Sul filo del rasoio nella rete sulla rete tra la rete corre la nostra vocazione.

Perché a noi piace metterci in gioco sempre e comunque qualsiasi sia la posta, più alto il rischio meglio è. A cavallo tra i generi utilizzando tutti i materiali disponibili siamo pronti ad ogni contaminazione perché il sincretismo culturale è il nostro credo e non abbiamo paura di sporcarci le mani con qualsiasi cosa ci venga a tiro. Perciò pensiamo lontano e avanti in quella linea di confine tra pop e cultura contrassegnata da fumetti, cartoons, pubblicità, videoclip, letteratura di genere che nel nostro caso è la nostra passione la SCIENCE FICTION ma arriva agli occhi e al cervello come qualcosa di veramente cyber nei contenuti e cioè alterata distorta già priva di una fisionomia che la possa chiudere in una gabbia priva di senso.

Pensiamo all’AVANTPOP come alla vera rivoluzione culturale di inizio millennio che racchiude tutto ciò che si può dire sulle nostre vere intenzioni.

Il magazine è tutto lì nell’illustrazione di copertina colorato ma distorto talmente veloce che non è possibile distinguerlo davvero ed è già cambiato come nella frase che dà il titolo all’editoriale che prende a prestito un brano di una canzone pop di questo periodo che forse inconsapevolmente fa sua una consapevolezza della cultura cyberpunk di corpi e macchine tecnologia e biologia mostri e genetica sudore e polvere di microchip.

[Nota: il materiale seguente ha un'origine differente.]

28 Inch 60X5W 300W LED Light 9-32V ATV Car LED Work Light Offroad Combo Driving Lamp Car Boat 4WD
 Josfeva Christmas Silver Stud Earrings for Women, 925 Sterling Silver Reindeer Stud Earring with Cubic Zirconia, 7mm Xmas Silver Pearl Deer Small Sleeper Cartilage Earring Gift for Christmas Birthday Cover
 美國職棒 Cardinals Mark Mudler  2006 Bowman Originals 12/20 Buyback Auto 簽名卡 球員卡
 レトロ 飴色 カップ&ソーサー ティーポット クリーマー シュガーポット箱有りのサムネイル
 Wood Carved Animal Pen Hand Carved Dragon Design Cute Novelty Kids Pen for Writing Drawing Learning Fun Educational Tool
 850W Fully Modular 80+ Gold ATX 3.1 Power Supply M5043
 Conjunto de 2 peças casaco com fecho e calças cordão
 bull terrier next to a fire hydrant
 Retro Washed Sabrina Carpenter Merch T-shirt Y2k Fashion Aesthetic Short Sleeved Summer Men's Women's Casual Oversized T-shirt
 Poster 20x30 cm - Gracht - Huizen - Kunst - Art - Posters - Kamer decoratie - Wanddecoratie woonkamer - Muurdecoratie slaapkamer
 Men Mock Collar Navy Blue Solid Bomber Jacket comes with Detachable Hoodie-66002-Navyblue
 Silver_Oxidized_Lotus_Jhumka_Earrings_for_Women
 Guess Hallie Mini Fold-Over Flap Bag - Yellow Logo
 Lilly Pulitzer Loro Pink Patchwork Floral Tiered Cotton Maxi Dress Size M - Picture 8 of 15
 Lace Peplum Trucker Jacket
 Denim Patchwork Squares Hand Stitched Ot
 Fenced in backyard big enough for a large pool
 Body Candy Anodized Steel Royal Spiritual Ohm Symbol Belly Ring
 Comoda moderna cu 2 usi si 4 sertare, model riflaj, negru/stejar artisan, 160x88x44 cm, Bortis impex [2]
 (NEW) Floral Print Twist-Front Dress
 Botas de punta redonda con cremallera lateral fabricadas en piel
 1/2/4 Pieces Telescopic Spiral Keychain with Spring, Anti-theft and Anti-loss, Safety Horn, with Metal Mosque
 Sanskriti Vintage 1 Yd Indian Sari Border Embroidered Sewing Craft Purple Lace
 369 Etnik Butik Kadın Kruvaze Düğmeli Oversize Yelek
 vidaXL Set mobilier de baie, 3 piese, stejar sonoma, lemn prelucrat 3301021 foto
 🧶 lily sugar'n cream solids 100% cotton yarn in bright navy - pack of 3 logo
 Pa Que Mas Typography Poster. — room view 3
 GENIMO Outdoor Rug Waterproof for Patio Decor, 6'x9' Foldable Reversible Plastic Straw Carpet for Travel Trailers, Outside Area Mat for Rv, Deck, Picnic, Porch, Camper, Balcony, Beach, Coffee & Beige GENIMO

Dunque seguiteci perché se saremo abbastanza bravi nell’essere veloci non potranno individuarci (altra citazione ma non ve la sveliamo) e forse riusciremo a liberarci davvero.

Saremo potenti ma leggeri irti di scaglie pungiglioni e artigli per mordere e colpire al cuore…

Fateci sentire sulla punta della lingua il vostro parere attraverso l’universo parallelo della rete.